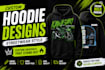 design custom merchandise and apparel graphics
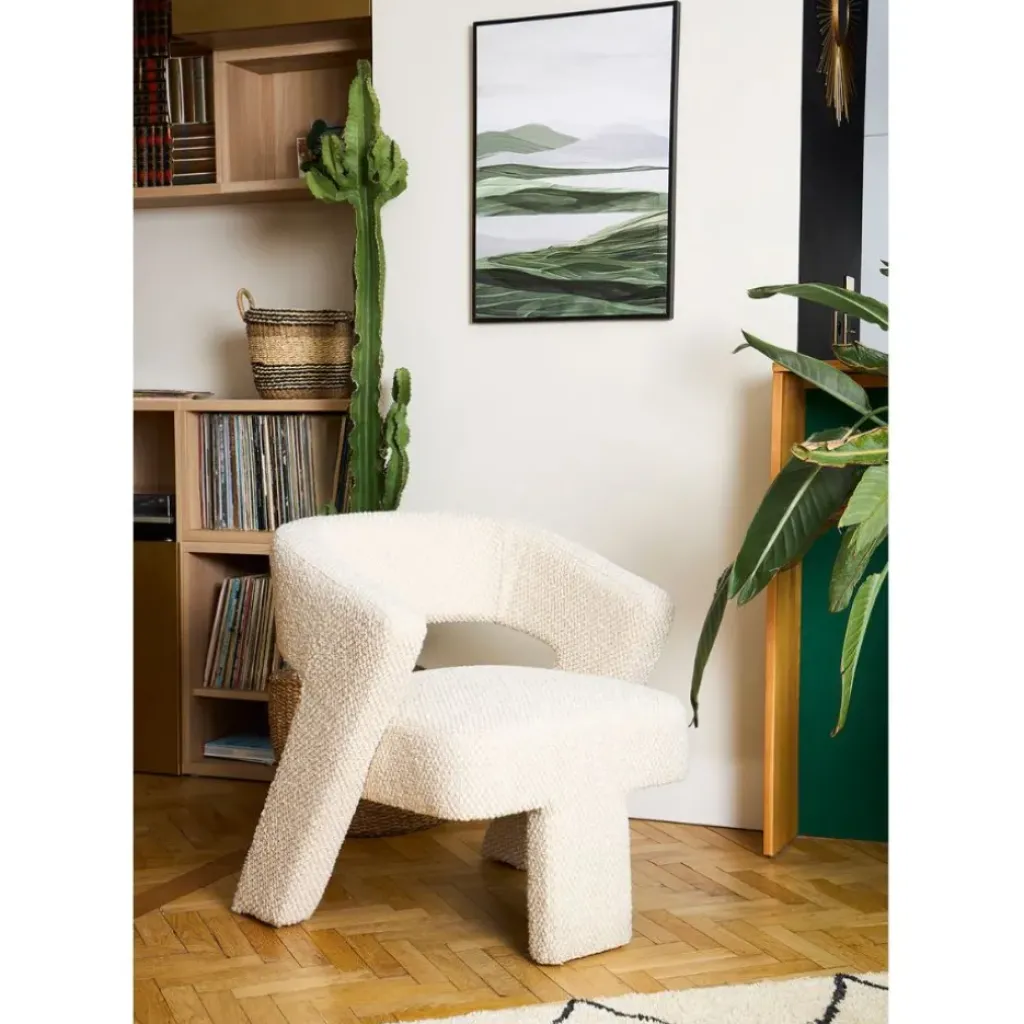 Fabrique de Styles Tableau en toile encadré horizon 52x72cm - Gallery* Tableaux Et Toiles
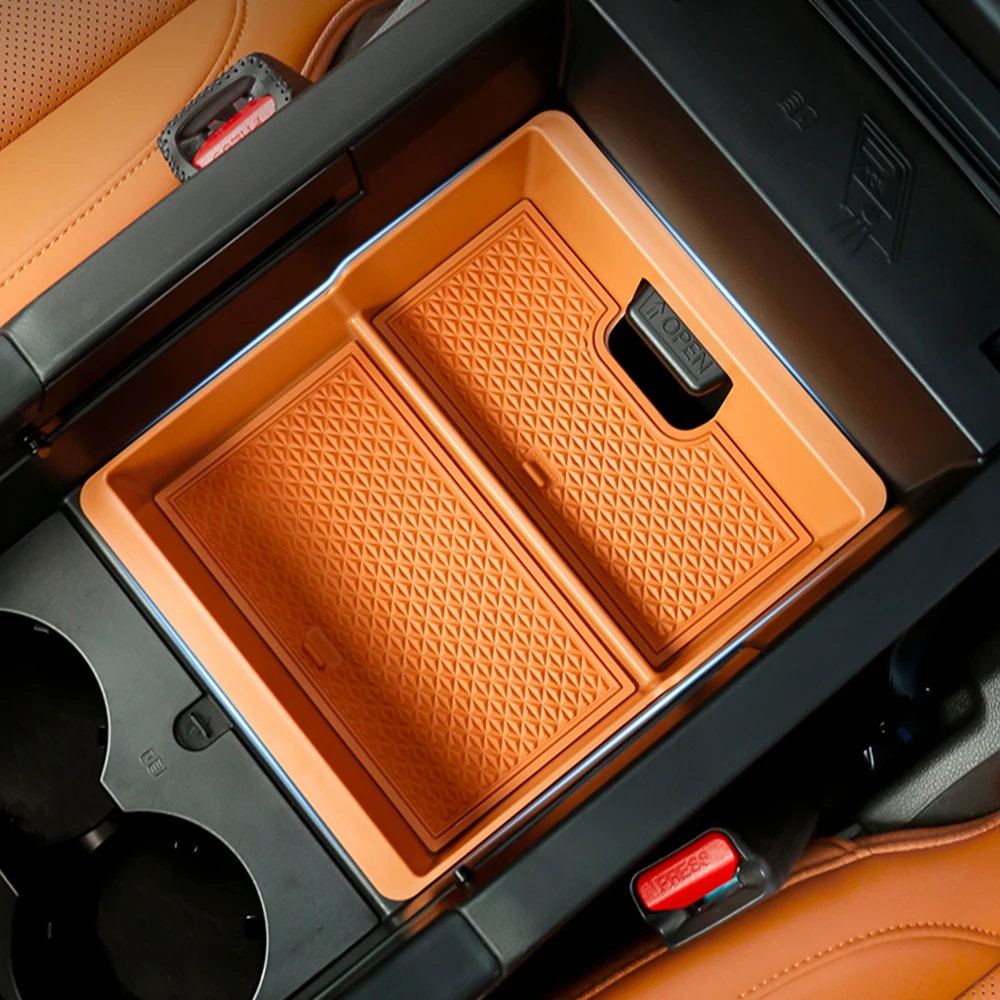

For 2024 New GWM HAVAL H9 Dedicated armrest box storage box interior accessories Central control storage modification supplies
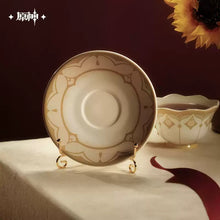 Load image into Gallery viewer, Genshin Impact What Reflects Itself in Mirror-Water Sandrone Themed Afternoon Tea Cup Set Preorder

◆ ◆ ◆ ◆ ◆

*EXERCISE DETAILS*. Omit the pictures. Transcribe word for word the lines from the one containing "Fabrique de Styles" through the end of the listing, inclusive.

*TASK ANSWER*.
 Fabrique de Styles Tableau en toile encadré horizon 52x72cm - Gallery* Tableaux Et Toiles

For 2024 New GWM HAVAL H9 Dedicated armrest box storage box interior accessories Central control storage modification supplies
 Load image into Gallery viewer, Genshin Impact What Reflects Itself in Mirror-Water Sandrone Themed Afternoon Tea Cup Set Preorder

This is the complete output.